Copy out exactly the line that contains "Комплект сварочного оборудования" and all lines following it to the end of the data.

········

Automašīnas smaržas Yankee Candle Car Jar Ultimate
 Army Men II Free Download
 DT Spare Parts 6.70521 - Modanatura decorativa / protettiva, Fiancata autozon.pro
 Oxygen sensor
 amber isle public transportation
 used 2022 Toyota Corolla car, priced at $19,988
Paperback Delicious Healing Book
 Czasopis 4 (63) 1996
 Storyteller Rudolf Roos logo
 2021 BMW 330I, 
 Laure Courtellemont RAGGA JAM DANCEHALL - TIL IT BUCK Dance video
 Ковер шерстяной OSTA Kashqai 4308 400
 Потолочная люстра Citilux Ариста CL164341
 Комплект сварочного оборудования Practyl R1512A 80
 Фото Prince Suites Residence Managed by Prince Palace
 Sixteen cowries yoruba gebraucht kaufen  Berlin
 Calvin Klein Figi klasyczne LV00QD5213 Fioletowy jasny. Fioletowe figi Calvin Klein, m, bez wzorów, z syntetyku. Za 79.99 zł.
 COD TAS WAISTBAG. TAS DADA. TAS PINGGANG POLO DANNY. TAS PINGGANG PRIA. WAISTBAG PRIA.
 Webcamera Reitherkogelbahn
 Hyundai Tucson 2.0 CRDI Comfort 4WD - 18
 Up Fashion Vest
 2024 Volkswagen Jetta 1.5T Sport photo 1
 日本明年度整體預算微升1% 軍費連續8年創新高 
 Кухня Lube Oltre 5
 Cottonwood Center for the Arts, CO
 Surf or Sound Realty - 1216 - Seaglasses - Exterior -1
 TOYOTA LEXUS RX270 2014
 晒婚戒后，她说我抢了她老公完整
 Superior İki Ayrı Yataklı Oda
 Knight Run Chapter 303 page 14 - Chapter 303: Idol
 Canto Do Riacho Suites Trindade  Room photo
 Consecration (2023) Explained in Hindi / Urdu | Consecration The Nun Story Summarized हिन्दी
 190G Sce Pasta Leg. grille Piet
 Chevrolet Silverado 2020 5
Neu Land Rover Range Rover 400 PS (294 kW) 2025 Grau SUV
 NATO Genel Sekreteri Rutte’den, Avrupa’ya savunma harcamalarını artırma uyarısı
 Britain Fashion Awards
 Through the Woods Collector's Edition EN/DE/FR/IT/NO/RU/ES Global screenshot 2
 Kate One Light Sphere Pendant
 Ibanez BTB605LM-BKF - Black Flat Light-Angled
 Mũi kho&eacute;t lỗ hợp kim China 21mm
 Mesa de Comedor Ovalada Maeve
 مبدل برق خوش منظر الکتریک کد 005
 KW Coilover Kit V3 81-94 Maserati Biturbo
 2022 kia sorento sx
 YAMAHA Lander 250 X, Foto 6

········

## Result
 Комплект сварочного оборудования Practyl R1512A 80
 Фото Prince Suites Residence Managed by Prince Palace
 Sixteen cowries yoruba gebraucht kaufen  Berlin
 Calvin Klein Figi klasyczne LV00QD5213 Fioletowy jasny. Fioletowe figi Calvin Klein, m, bez wzorów, z syntetyku. Za 79.99 zł.
 COD TAS WAISTBAG. TAS DADA. TAS PINGGANG POLO DANNY. TAS PINGGANG PRIA. WAISTBAG PRIA.
 Webcamera Reitherkogelbahn
 Hyundai Tucson 2.0 CRDI Comfort 4WD - 18
 Up Fashion Vest
 2024 Volkswagen Jetta 1.5T Sport photo 1
 日本明年度整體預算微升1% 軍費連續8年創新高 
 Кухня Lube Oltre 5
 Cottonwood Center for the Arts, CO
 Surf or Sound Realty - 1216 - Seaglasses - Exterior -1
 TOYOTA LEXUS RX270 2014
 晒婚戒后，她说我抢了她老公完整
 Superior İki Ayrı Yataklı Oda
 Knight Run Chapter 303 page 14 - Chapter 303: Idol
 Canto Do Riacho Suites Trindade  Room photo
 Consecration (2023) Explained in Hindi / Urdu | Consecration The Nun Story Summarized हिन्दी
 190G Sce Pasta Leg. grille Piet
 Chevrolet Silverado 2020 5
Neu Land Rover Range Rover 400 PS (294 kW) 2025 Grau SUV
 NATO Genel Sekreteri Rutte’den, Avrupa’ya savunma harcamalarını artırma uyarısı
 Britain Fashion Awards
 Through the Woods Collector's Edition EN/DE/FR/IT/NO/RU/ES Global screenshot 2
 Kate One Light Sphere Pendant
 Ibanez BTB605LM-BKF - Black Flat Light-Angled
 Mũi kho&eacute;t lỗ hợp kim China 21mm
 Mesa de Comedor Ovalada Maeve
 مبدل برق خوش منظر الکتریک کد 005
 KW Coilover Kit V3 81-94 Maserati Biturbo
 2022 kia sorento sx
 YAMAHA Lander 250 X, Foto 6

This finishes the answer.